※全国保険医団体連合会では、下記の談話を発表し、マスコミ各社に送付しました。(PDF版はこちら[PDF:148KB])
【談話】広島高裁による伊方原発3号機運転差し止め決定の
仮処分取り消しに抗議する
2021年3月19日
全国保険医団体連合会
公害環境対策部
部長 野本 哲夫
広島高裁は、3月18日、四国電力伊方原発3号機(愛媛県伊方町)について、昨年1月に運転を差し止めた仮処分に対する四国電力の異議を認め、運転を容認する決定を下した。
決定では、地震の揺れについて「海上探査の結果、原発の2キロ以内に活断層はないとした四国電力の評価に不合理な点はなく、南海トラフの地震による揺れの評価も不合理とは認められない」と指摘した。また、阿蘇山の噴火については「今後数十年か100年程度の間の噴火の危険性については専門家の間でも意見が分かれ、現在の科学的見解では、原発の運転期間中に破局的噴火が発生する可能性が高いとはいえない」と指摘した。
決定では「原発の安全性に影響を及ぼす大規模自然災害が発生する可能性が高いとはいえない」と判断するなど、四国電力の主張を一方的に取り入れた決定となった。
昨年1月の決定では、「活断層がある可能性が否定できず、火山灰などの想定も過小だ」とし、運転差し止め決定をしていたにもかかわらず、それに対する具体的な反証もないままの決定は許されない。
これまでにも、過去において、活断層はないとされていた地域にもかかわらず阪神・淡路大震災などの巨大地震が起こり、東日本大震災では大津波を経験してきた。そうした苦い歴史を全く無視する決定だといわざるを得ない。

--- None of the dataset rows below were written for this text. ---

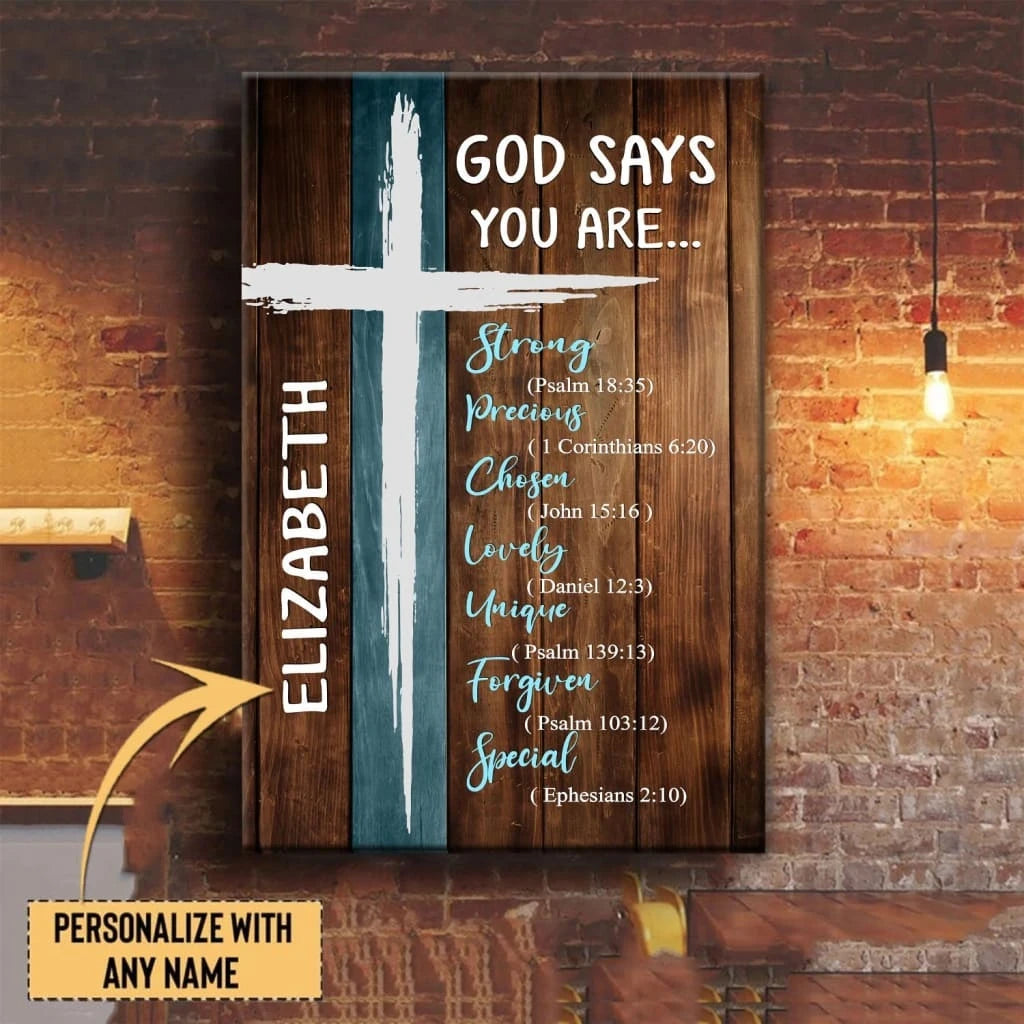 personalized god says you are wall art canvas with custom name (view 4)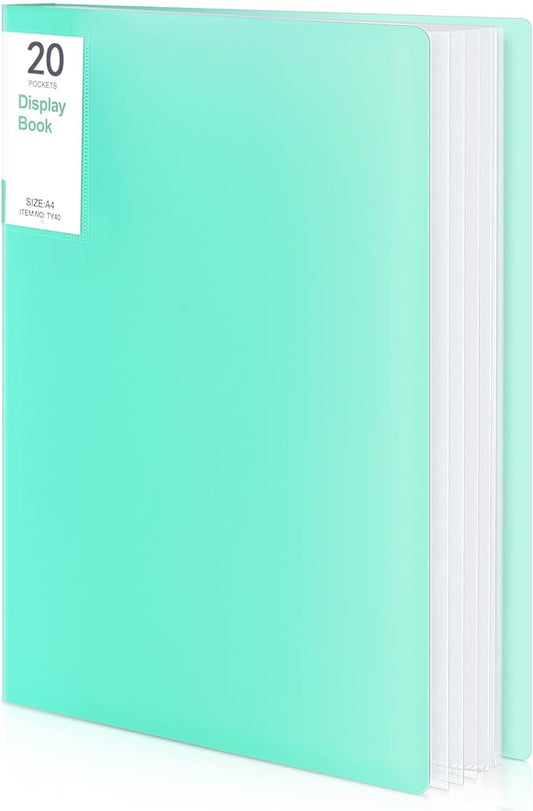 Phyxin Portfolio Binder, 20-Pocket Portfolio Folder 8.5" x 11", Displaying 40 Page Binder with Plastic Sleeves, Plastic Folders for Women & Men, Students, Teachers, Green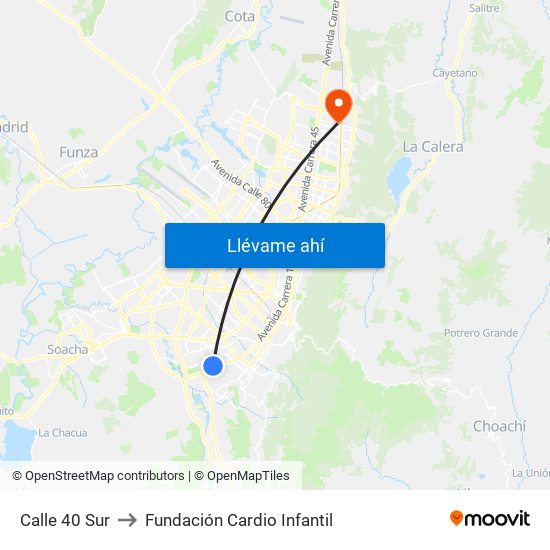 Calle 40 Sur to Fundación Cardio Infantil map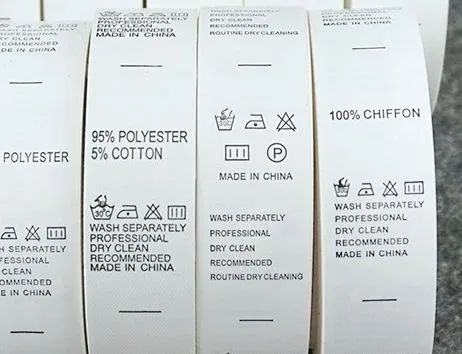 Clothing Washing Water Mark Composition English Korean Specification 2*5cm supplied by BY Boyuan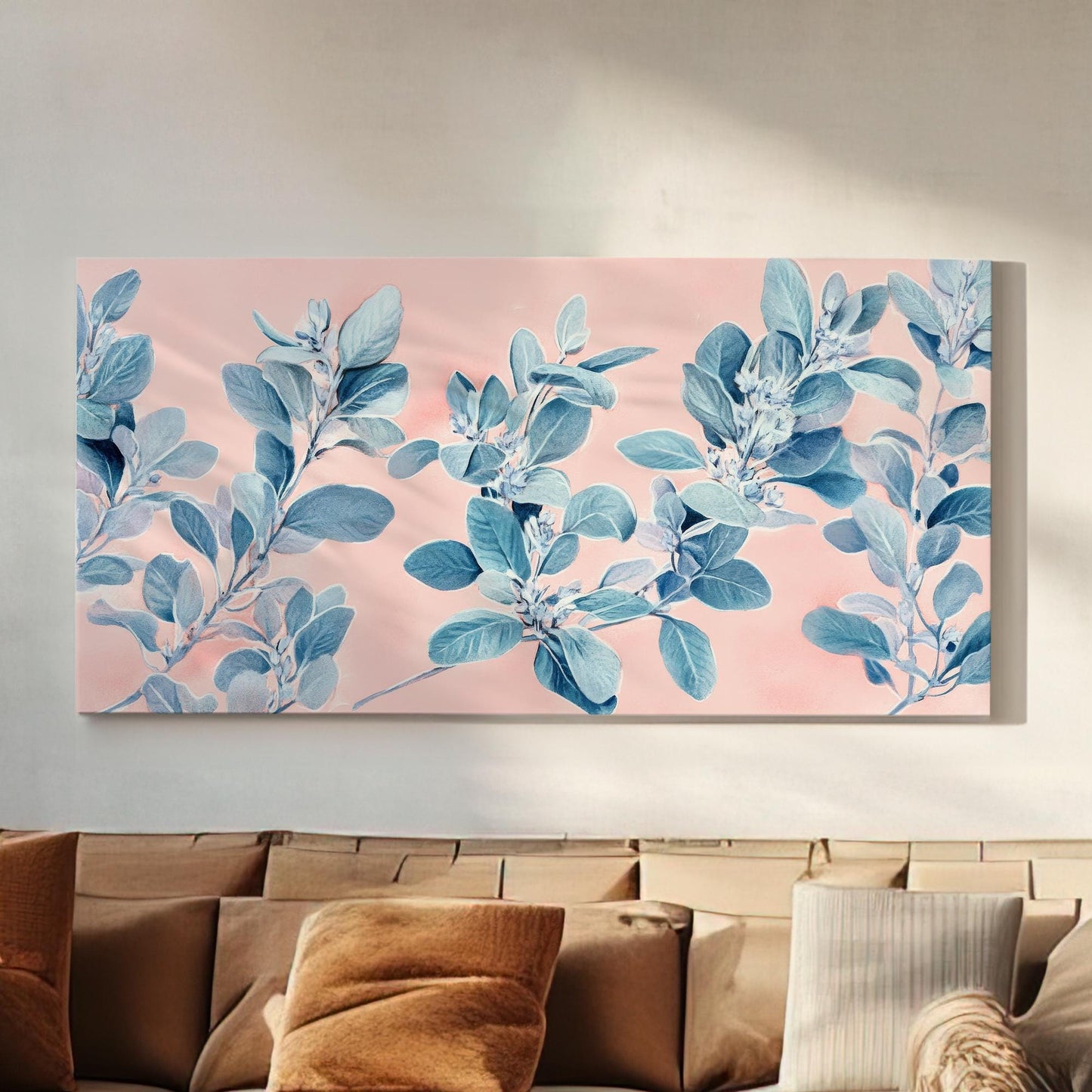 Serene Botanicals Canvas Art | Watercolor Botanical Print | Tranquil Zen Wall Art For Living Room Horizontal Art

今回の決定において、原子炉の安全性に関する自然災害リスクについて裁判所に独自の科学的知見はなく、具体的な危険を住民側が立証しなければ運転差し止めを命じる法的判断はできないと表明したことも重大な問題である。
決定後、住民側弁護団が「科学的に完全に立証するのは不可能で、原発の運転を停止する道を閉ざしたに等しい。東京電力福島第一原発の事故後の司法判断として常軌を逸した考えがたい決定だ」と批判しているが、本来、少しでも危険性があるのであれば、運転させないという決定をするのが司法の役割である。
私たち命と健康を守る医師・歯科医師として、今回の広島高裁の決定に抗議し、引き続き、原発ゼロに向けた取り組みを推進するものである。